◆ The problem
I'd like every record given again exactly, please.

◆ Supplied material

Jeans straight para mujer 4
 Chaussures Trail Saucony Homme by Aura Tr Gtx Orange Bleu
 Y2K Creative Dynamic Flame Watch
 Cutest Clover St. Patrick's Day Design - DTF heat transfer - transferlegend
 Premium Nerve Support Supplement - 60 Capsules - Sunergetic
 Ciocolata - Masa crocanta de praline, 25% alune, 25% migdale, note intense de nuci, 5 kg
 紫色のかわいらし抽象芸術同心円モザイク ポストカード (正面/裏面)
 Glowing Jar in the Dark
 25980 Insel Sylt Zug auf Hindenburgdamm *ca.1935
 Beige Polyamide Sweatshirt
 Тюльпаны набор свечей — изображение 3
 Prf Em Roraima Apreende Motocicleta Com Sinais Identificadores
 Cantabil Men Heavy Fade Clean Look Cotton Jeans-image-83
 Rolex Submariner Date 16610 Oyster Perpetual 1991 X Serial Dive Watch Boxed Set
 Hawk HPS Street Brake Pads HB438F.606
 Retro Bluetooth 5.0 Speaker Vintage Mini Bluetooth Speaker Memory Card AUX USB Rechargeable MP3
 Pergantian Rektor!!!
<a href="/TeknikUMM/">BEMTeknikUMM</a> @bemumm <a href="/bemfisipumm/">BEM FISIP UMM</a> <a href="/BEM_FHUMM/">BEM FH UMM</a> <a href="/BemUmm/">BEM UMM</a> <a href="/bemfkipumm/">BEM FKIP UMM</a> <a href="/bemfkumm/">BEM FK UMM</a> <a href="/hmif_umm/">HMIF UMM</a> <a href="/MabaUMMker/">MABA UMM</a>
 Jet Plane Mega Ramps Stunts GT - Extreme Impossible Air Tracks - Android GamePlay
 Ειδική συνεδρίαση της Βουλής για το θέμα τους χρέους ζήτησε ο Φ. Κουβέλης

◆ Result below
Jeans straight para mujer 4
 Chaussures Trail Saucony Homme by Aura Tr Gtx Orange Bleu
 Y2K Creative Dynamic Flame Watch
 Cutest Clover St. Patrick's Day Design - DTF heat transfer - transferlegend
 Premium Nerve Support Supplement - 60 Capsules - Sunergetic
 Ciocolata - Masa crocanta de praline, 25% alune, 25% migdale, note intense de nuci, 5 kg
 紫色のかわいらし抽象芸術同心円モザイク ポストカード (正面/裏面)
 Glowing Jar in the Dark
 25980 Insel Sylt Zug auf Hindenburgdamm *ca.1935
 Beige Polyamide Sweatshirt
 Тюльпаны набор свечей — изображение 3
 Prf Em Roraima Apreende Motocicleta Com Sinais Identificadores
 Cantabil Men Heavy Fade Clean Look Cotton Jeans-image-83
 Rolex Submariner Date 16610 Oyster Perpetual 1991 X Serial Dive Watch Boxed Set
 Hawk HPS Street Brake Pads HB438F.606
 Retro Bluetooth 5.0 Speaker Vintage Mini Bluetooth Speaker Memory Card AUX USB Rechargeable MP3
 Pergantian Rektor!!!
<a href="/TeknikUMM/">BEMTeknikUMM</a> @bemumm <a href="/bemfisipumm/">BEM FISIP UMM</a> <a href="/BEM_FHUMM/">BEM FH UMM</a> <a href="/BemUmm/">BEM UMM</a> <a href="/bemfkipumm/">BEM FKIP UMM</a> <a href="/bemfkumm/">BEM FK UMM</a> <a href="/hmif_umm/">HMIF UMM</a> <a href="/MabaUMMker/">MABA UMM</a>
 Jet Plane Mega Ramps Stunts GT - Extreme Impossible Air Tracks - Android GamePlay
 Ειδική συνεδρίαση της Βουλής για το θέμα τους χρέους ζήτησε ο Φ. Κουβέλης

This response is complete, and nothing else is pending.